Clément passa encore un mois au monastère. Le temps de faire la paix avec lui-même, d’achever ce qu’il avait entrepris.
Cette année-là, la neige épargna la montagne. Une douceur inaccoutumée sévissait partout dans la région et les journalistes parlaient de catastrophe touristique, de réchauffement planétaire.
Un matin de décembre, Clément reprit la route des sommets et y resta jusqu’au soir, guettant dans le lointain le moment où le soleil se coucherait.
Il n’avait plus pensé aux paroles de son ami. Ils les avaient rangées aussi, dans le tiroir aux choses importantes, à trier absolument, mais que l’on oublie le temps de prendre ses vacances. Là, il était temps de réfléchir…

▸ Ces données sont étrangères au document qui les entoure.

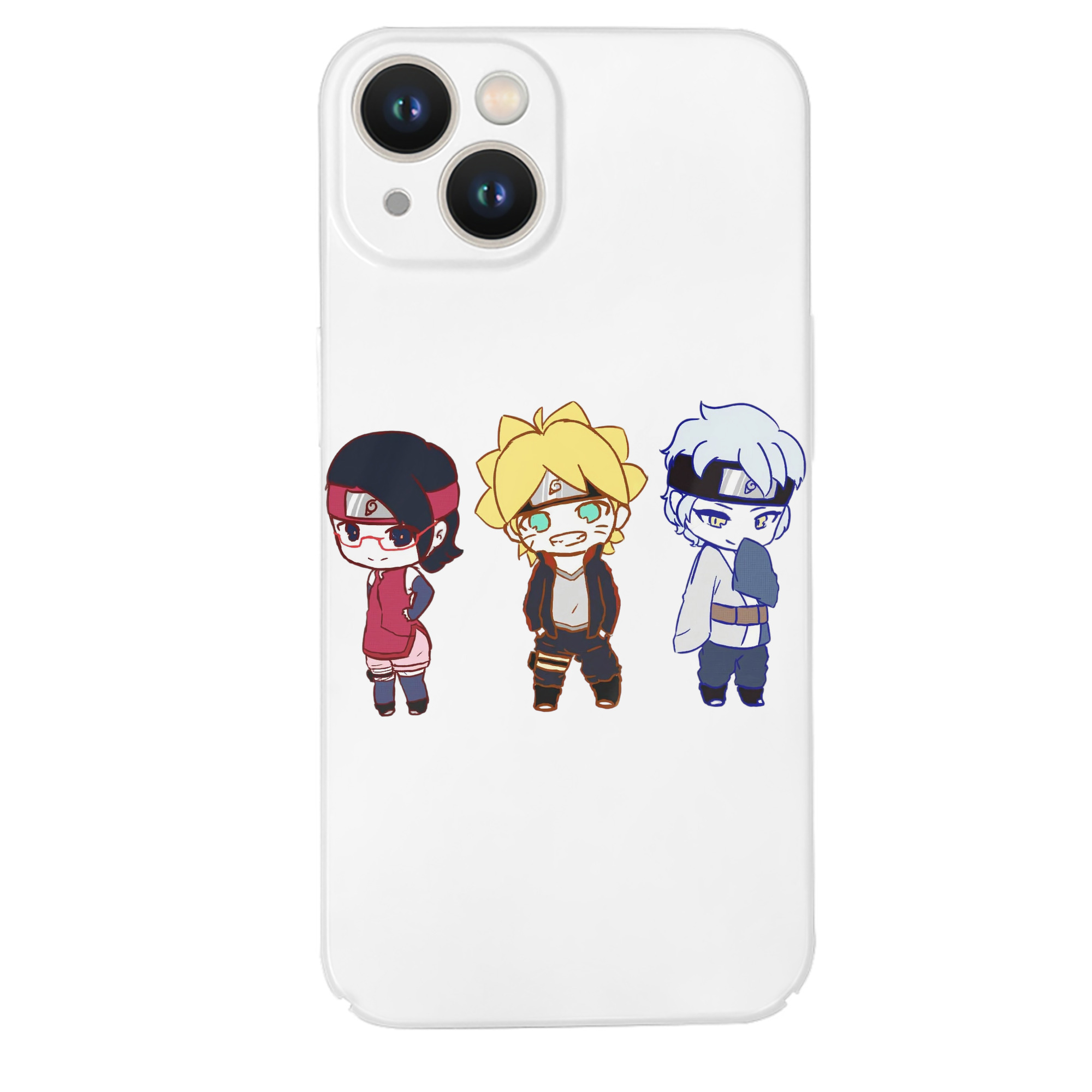 （画像用） NARUTO -ナルト- うずまき ボルト Uzumaki Boruto 【iPhone 14シリーズ対応】ハードケース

Il fallait que Clément se décidât à agir, enfin, seul, au lieu de se laisser porter, comme il l’avait fait jusqu’alors. Il n’en avait pas vraiment envie. Il se trouvait tellement bien dans le cocon que son ami avait tissé autour de lui, patiemment ! Mais justement, ce cocon devait un jour se briser pour laisser la possibilité à la chrysalide de devenir papillon et de s’élancer vers le ciel.
Était-il temps ?
Clément ne savait pas, il hésitait. Il avait toujours tergiversé et, là encore, tout se passait comme s’il n’osait pas. Il regarda autour de lui. Il avait parcouru de nombreux chemins, il avait admiré bien des paysages, il s’était blessé et il avait guéri, comme toujours.
Clément sourit. Il avait tant fait rimer ses mots avec jamais que ce toujours qui se répétait ressemblait à une promesse. Ses pensées étaient-elles devenues positives ? Allait-il enfin pouvoir donner un sens à sa vie, sans plus s’inquiéter des propos méprisants qui l’en avaient empêché ?
Le ciel, devant lui, s’était teinté de rose. Le soleil tirerait à lui sa couverture de nuages et bientôt il n’y aurait plus qu’un liseré d’or pâle le long de l’horizon.
Il rentra.
Le lendemain, très tôt, Clément s’en fut. Il dit adieu aux moines qui l’avaient hébergé, à l’ami qui l’avait écouté, et il reprit la route.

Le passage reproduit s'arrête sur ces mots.